Posted by: Griff | Jun 20, 2013 11:10:01 AM
Orin,
I did have in mind the kinds of provocative examples you describe. Maybe I am naive to think that they are unlikely to cause the jury to behave unfairly; or maybe I am cynical to think that juries already think that way, and defendants would be better served by having those views (and disagreement with them!) aired. But the point you raise about confirmation bias is an interesting and subtle one.
By the way, I should be clear that I don't think these statements should be unregulated by the rules of criminal procedure-- just that whatever statements are permitted by a court's rules should be tolerated by the Constitution.
Griff,
I haven't thought the details through fully, but I'm envisioning that inferences would be permissible but not mandatory, and the judge would say something to that effect.
Posted by: William Baude | Jun 20, 2013 10:59:58 AM
Will, I'm not sure I understand the full extent of what you want the rule to be. Would your proposed rule allow a judge at a bench trial to draw an adverse inference from a defendant's refusal to testify? If so, how do you address the argument that punishing a defendant for exercising a constitutional right effectively nullifies the right? If not, how can you justify allowing the prosecutor to encourage the jury to draw an adverse inference, even if the judge subsequently tells them they're not allowed to?
Posted by: Griff | Jun 20, 2013 10:14:57 AM
I think that would be pretty shocking if prosecutors could say anything to jurors as long as they don't describe inadmissible evidence. If you really mean *anything*, then in such a world it would be totally okay for a prosecutor to tell the jury, "I personally guarantee you as a Christian that the defendant is guilty." And there are lots of more provocative examples, such as explicit appeals to racism ("We need to lock up those people and teach them a lesson," etc.) I trust you don't mean to say that should be okay.

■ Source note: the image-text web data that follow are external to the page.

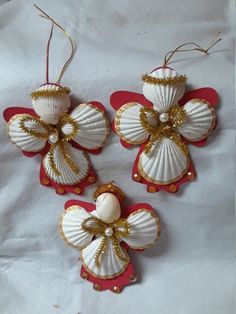 three seashell ornaments are hanging from red and white ribbons on a white tablecloth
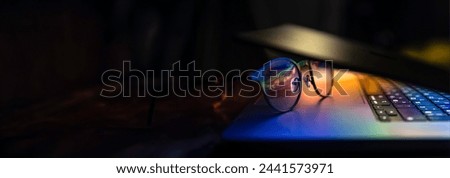 Glasses lie on the laptop, reflecting light from the screen in the dark.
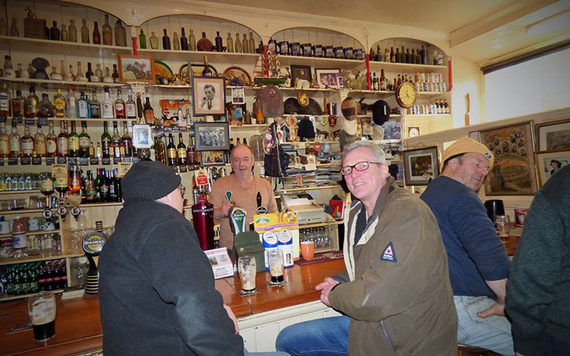 Enjoying the lively company and warmth of Dingle.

On the policy issue (#3), I strongly disagree that it would be better to let prosecutors comment on a defendant's failure to testify. Putting aside the problem that it would be near impossible to change the impeachment rules, the bigger problem is confirmation bias. Most jurors already suspect that a defendant who elects not to testify is probably guilty. To most jurors, it just seems really weird to think that an innocent person might not want to testify and explain their innocence. If they don't hear anything about the defendant's failure to testify, they might just think it an oddity and won't focus on on it too much. Eliminating mention of that fact deemphasizes it. But given the realities of confirmation bias, if they *do* hear about it at trial from both sides, they are likely to believe the side that matches their preconceived views. They'll believe the prosecutor's version of the story because it matches their suspicion. Now you might say, well, wait, that suspicion is often true: We would certainly hope that most defendants are guilty, and presumably the ones who don't testify are probably even more likely to be guilty. But we fear an innocent person going to jail more than a guilty person going free, so the effects of confirmation bias would be particular damaging in that context.